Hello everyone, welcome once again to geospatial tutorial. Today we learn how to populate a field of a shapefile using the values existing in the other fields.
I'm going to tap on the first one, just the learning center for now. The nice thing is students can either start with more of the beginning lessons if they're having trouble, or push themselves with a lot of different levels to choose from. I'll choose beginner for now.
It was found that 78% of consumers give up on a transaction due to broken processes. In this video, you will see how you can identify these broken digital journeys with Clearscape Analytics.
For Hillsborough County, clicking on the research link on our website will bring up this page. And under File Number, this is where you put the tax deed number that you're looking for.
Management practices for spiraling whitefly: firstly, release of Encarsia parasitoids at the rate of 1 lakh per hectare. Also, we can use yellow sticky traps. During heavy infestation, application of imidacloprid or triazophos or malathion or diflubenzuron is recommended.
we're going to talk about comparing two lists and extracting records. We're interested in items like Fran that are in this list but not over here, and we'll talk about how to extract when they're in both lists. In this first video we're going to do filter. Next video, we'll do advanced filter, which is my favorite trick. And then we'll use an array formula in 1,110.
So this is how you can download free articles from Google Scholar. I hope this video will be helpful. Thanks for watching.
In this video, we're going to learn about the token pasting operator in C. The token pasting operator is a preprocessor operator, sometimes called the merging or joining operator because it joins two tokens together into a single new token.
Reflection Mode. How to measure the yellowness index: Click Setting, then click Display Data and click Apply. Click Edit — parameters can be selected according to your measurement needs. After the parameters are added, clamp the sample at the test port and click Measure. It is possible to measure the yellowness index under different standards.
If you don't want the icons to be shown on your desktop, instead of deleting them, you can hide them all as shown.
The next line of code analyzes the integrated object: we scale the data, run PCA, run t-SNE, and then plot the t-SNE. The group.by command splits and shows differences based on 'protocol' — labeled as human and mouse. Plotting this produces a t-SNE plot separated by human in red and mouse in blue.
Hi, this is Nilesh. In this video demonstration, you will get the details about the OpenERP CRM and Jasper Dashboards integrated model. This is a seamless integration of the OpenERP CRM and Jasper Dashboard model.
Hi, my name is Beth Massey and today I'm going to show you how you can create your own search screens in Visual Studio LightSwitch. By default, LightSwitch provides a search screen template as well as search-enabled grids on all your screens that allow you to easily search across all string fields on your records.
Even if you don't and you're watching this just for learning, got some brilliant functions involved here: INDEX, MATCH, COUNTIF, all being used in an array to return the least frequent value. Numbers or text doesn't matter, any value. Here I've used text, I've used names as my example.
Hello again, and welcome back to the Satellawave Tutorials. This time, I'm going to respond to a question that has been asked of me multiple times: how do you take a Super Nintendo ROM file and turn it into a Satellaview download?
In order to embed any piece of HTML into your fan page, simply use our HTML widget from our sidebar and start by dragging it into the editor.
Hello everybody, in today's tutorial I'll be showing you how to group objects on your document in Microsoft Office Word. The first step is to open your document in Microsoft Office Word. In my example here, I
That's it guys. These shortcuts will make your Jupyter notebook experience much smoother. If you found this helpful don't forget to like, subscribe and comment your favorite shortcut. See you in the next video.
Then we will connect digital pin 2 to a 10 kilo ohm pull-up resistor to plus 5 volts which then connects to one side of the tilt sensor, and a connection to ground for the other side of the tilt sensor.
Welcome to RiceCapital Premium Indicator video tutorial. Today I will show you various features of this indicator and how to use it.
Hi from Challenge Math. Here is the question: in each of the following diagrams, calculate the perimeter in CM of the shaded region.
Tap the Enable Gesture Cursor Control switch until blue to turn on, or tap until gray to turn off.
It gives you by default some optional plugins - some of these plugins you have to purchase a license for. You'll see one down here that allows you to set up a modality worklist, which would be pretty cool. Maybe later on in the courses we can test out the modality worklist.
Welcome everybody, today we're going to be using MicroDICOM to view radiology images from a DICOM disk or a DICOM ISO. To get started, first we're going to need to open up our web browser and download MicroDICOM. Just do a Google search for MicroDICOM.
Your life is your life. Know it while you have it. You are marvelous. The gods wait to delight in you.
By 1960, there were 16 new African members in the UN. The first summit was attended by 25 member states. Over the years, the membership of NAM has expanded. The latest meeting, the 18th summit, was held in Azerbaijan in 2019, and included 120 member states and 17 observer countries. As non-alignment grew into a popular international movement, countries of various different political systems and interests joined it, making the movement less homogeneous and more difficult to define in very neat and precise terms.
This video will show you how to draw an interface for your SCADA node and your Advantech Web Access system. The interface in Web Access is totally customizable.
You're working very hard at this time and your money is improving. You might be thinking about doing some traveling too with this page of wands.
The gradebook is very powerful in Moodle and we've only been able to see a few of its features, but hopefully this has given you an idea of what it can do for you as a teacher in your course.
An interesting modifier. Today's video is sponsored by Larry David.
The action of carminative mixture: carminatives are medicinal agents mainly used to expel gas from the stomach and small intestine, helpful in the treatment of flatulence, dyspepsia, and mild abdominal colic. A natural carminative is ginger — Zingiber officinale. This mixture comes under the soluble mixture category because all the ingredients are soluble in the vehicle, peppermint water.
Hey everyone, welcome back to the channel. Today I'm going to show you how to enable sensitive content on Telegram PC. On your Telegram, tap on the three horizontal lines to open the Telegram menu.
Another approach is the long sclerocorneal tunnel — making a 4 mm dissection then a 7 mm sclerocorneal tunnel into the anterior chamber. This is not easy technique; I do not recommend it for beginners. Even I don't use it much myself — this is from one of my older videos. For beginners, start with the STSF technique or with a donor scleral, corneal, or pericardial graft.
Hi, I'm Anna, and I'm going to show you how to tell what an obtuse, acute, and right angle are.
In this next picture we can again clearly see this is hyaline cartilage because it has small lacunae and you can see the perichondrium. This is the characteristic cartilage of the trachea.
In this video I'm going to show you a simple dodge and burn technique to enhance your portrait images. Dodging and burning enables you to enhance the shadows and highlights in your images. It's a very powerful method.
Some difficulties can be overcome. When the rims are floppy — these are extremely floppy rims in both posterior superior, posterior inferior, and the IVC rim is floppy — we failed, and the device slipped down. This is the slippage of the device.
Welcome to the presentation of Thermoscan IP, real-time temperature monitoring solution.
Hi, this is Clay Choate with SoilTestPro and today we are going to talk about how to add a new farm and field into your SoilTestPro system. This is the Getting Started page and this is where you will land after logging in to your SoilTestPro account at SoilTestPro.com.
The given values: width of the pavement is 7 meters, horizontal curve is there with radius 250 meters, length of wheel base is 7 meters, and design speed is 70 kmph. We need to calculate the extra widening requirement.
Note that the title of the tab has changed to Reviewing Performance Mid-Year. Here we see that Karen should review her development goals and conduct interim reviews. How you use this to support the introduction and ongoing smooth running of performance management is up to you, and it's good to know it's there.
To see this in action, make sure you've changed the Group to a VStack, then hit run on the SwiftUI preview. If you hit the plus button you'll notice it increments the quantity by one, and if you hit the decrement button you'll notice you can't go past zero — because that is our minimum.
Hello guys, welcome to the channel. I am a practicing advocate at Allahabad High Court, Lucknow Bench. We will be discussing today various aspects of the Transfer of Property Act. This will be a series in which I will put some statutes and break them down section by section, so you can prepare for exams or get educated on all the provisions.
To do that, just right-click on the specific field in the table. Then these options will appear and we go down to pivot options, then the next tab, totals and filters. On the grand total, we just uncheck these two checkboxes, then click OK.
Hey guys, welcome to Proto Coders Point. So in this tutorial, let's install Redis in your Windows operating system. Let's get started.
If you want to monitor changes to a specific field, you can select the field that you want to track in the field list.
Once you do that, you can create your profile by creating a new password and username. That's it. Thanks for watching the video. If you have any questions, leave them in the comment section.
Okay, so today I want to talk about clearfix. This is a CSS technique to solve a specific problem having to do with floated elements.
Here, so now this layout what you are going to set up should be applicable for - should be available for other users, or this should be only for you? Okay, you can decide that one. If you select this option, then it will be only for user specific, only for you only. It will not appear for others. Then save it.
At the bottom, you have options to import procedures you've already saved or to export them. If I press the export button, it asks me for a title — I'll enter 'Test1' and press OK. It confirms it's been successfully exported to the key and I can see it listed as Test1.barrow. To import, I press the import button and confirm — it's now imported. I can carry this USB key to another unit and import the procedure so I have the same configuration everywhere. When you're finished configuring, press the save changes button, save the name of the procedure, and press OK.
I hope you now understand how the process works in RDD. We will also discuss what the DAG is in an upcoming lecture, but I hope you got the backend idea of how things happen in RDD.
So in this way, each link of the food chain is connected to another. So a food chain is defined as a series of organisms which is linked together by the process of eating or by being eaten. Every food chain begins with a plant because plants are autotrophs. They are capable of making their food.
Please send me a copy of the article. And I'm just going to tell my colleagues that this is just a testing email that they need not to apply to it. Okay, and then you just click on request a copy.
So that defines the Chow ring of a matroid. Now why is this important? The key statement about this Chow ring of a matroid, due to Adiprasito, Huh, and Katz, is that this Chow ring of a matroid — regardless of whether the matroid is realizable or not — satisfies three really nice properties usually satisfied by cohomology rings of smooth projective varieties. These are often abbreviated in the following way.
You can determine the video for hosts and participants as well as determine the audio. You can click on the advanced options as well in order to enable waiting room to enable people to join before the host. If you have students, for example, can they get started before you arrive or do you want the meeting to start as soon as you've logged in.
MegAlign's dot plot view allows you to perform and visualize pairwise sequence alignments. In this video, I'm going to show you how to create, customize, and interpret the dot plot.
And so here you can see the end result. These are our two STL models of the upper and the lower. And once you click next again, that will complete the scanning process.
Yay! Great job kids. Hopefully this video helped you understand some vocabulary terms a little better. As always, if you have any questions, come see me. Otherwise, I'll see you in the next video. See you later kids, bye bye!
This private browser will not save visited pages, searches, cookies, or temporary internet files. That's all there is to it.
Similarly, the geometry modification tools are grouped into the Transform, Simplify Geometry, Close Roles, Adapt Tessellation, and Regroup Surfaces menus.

*-*-*

Task prompt:
Copy out the lines above exactly, beginning at the one that contains "The next line" and ending at the one that contains "Then we will".

Written solution:
The next line of code analyzes the integrated object: we scale the data, run PCA, run t-SNE, and then plot the t-SNE. The group.by command splits and shows differences based on 'protocol' — labeled as human and mouse. Plotting this produces a t-SNE plot separated by human in red and mouse in blue.
Hi, this is Nilesh. In this video demonstration, you will get the details about the OpenERP CRM and Jasper Dashboards integrated model. This is a seamless integration of the OpenERP CRM and Jasper Dashboard model.
Hi, my name is Beth Massey and today I'm going to show you how you can create your own search screens in Visual Studio LightSwitch. By default, LightSwitch provides a search screen template as well as search-enabled grids on all your screens that allow you to easily search across all string fields on your records.
Even if you don't and you're watching this just for learning, got some brilliant functions involved here: INDEX, MATCH, COUNTIF, all being used in an array to return the least frequent value. Numbers or text doesn't matter, any value. Here I've used text, I've used names as my example.
Hello again, and welcome back to the Satellawave Tutorials. This time, I'm going to respond to a question that has been asked of me multiple times: how do you take a Super Nintendo ROM file and turn it into a Satellaview download?
In order to embed any piece of HTML into your fan page, simply use our HTML widget from our sidebar and start by dragging it into the editor.
Hello everybody, in today's tutorial I'll be showing you how to group objects on your document in Microsoft Office Word. The first step is to open your document in Microsoft Office Word. In my example here, I
That's it guys. These shortcuts will make your Jupyter notebook experience much smoother. If you found this helpful don't forget to like, subscribe and comment your favorite shortcut. See you in the next video.
Then we will connect digital pin 2 to a 10 kilo ohm pull-up resistor to plus 5 volts which then connects to one side of the tilt sensor, and a connection to ground for the other side of the tilt sensor.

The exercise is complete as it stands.